The control technique and modeling of quadruped robots

Abstract

Quadruped robots, distinguished by their exceptional terrain adaptability, enabling seamless navigation across rough landscapes like uneven farmlands, cluttered construction sites, and debris-strewn disaster-stricken areas, and versatile task capabilities, have emerged as a pivotal technology in diverse fields. In agriculture, they utilize built-in sensors to conduct high-precision crop monitoring, detect pests early, and apply targeted precision spraying, thereby reducing manual labor and waste of resources. In the industry, they access narrow pipelines or high-risk, hazardous zones to perform equipment inspections, thereby avoiding potential threats to human workers. In public service, they play a critical role in search-and-rescue missions by locating survivors in collapsed buildings and support urban patrols to enhance public safety, significantly boosting operational efficiency and safety levels.

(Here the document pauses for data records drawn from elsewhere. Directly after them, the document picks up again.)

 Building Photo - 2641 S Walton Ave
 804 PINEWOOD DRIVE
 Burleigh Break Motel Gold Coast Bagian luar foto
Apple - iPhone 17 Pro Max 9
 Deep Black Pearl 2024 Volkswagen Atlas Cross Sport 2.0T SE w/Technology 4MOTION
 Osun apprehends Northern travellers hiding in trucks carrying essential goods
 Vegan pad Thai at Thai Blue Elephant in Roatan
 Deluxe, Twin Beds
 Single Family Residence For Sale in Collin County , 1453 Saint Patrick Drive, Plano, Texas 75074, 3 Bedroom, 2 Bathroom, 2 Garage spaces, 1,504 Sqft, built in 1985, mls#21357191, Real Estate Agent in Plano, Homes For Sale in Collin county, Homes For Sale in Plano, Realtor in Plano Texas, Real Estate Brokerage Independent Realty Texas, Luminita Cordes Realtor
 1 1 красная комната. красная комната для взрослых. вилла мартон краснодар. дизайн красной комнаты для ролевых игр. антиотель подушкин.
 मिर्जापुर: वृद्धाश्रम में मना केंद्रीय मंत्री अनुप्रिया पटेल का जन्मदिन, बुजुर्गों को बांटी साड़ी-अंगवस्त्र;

Despite existing limitations, such as persistent challenges in dynamic balance control on slippery surfaces and energy consumption optimization for long-duration tasks, quadruped robots have advanced rapidly under the empowerment of AI. AI-driven algorithms have revolutionized core aspects, such as mechanical modeling, enabling more accurate simulation of limb movement mechanics and intelligent control techniques, thereby enhancing real-time responsiveness to sudden environmental changes. These advancements collectively fuel their promising prospects, positioning them as key players in the future of intelligent robotics.